This WSJ piece by Jessica Vascellaro is talking about a clear trend in social networking – noting that we’ve passed the “teen early adoption” phase and entered the professional phase where pretty much everybody will eventually participate in social networking of one form or another.
To filter the noise this social networking will increasingly take the form of highly targeted groups in thousands of interest niches. In fact this may transform socializing from the current scene to a world where most of your friendships are begun online and then extended in the real world.

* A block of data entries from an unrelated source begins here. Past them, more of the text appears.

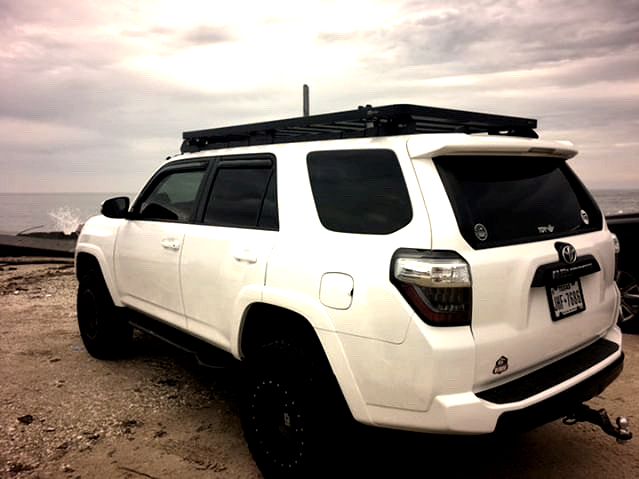 t4r_org's tweet photo. 2016 Trail Premium⁠
2.5 Toytec Boss lift kit⁠
17x9 -12 XD Machete wheels⁠
275/70/17 BFG KO2s⁠
Front Runner rack⁠
SSO slime line w/ Smittybilt X2O 10k synthetic winch⁠
SSO sliders⁠
⁠
Thank you Jamart5 (on our forum) for pics⁠
⁠

#T4R_org #T4R #4Runner 
⁠ https://t.co/JPXcQoCYrQ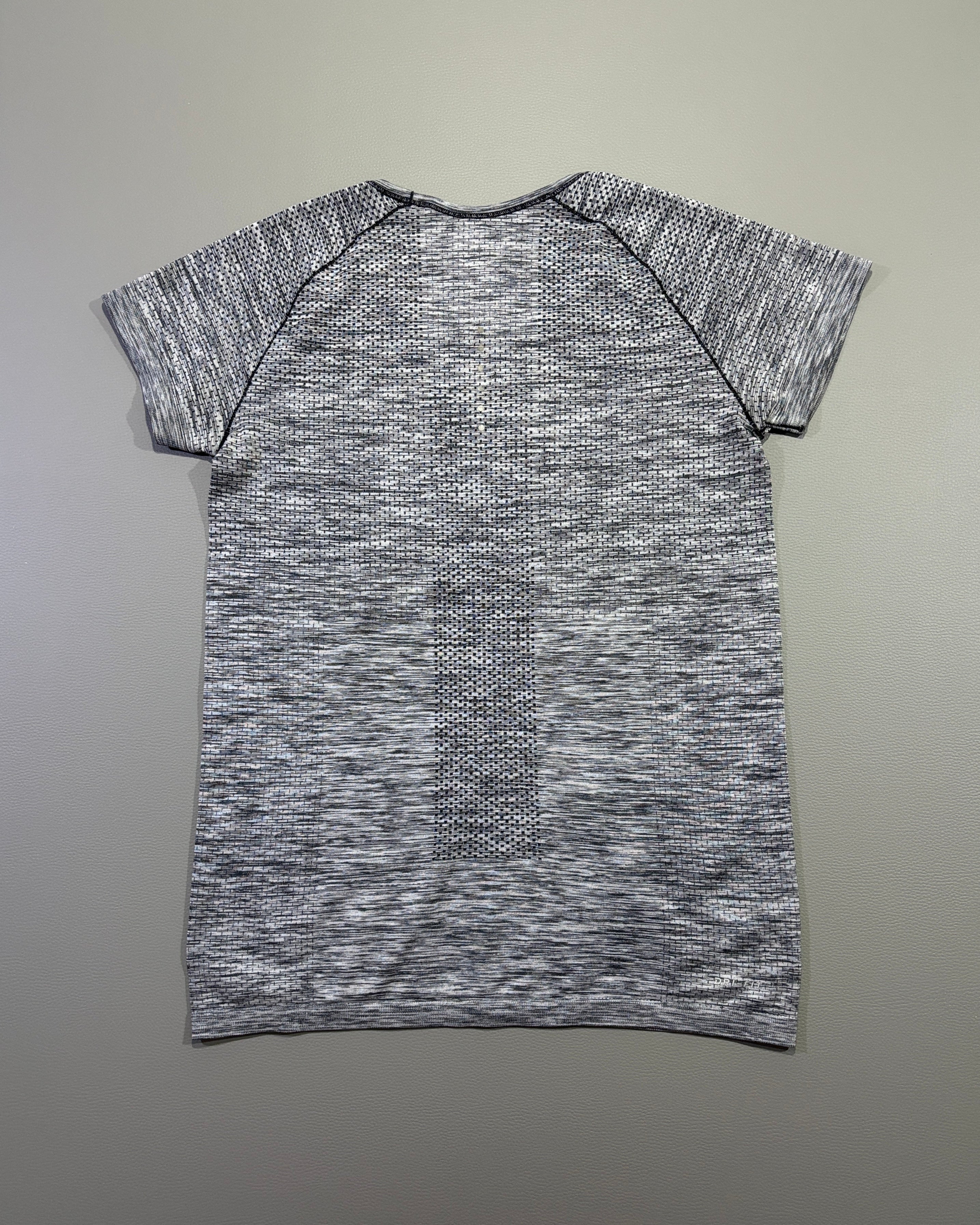 Nike Dri-FIT ženska sportska majica - M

Facebook’s future is tied up in how this shakes out. If they succeed and become “the” general social network where you can branch out into specific niches even Google’s current level of success may pale in comparison. However, unlike Robert Scoble, I’m not enamored enough with Facebook to think this will happen and these social aps will eclipse Google. Rather I think the “killer application” has yet to be fully structured but will take the form of a robust, transportable, avatar laden, secure personal ID that you can modify easiy and then use to navigate the increasingly socialized internet. As you visit websites this identity, all aspects of which remain under your own control, will allow other users to interact with you and branch off to your pictures, blog, or other items you choose. Ultimately we’ll be able to interact online *far more effectively* than offline thanks to the reservoir of information (pictures, blogs, notes, comments, emails, video) many of us now pour online regularly.
One gets a glimpse of this by some of the early efforts like OpenID, bbAuth or Microsoft unified logins, or noting how Facebook cleverly allows the user to import blog posts to their facebook account. Thus somebody looking at my Facebook profile also is “linked” to my blog posts without much effort. Unfortunately, however, I have perhaps 100x the number of “active” real world contacts than I have “friends” in Facebook. This may change, but I’m guessing that many people will never want to maintain much of an online identity, but almost everybody *would* want an application that would help them share and interact with others as they surf.
OpenID is the most promising approach theoretically, but it’s not taking off because there’s no big money to be made which I think has kept away the robust innovations needed for online identity solutions to really take off.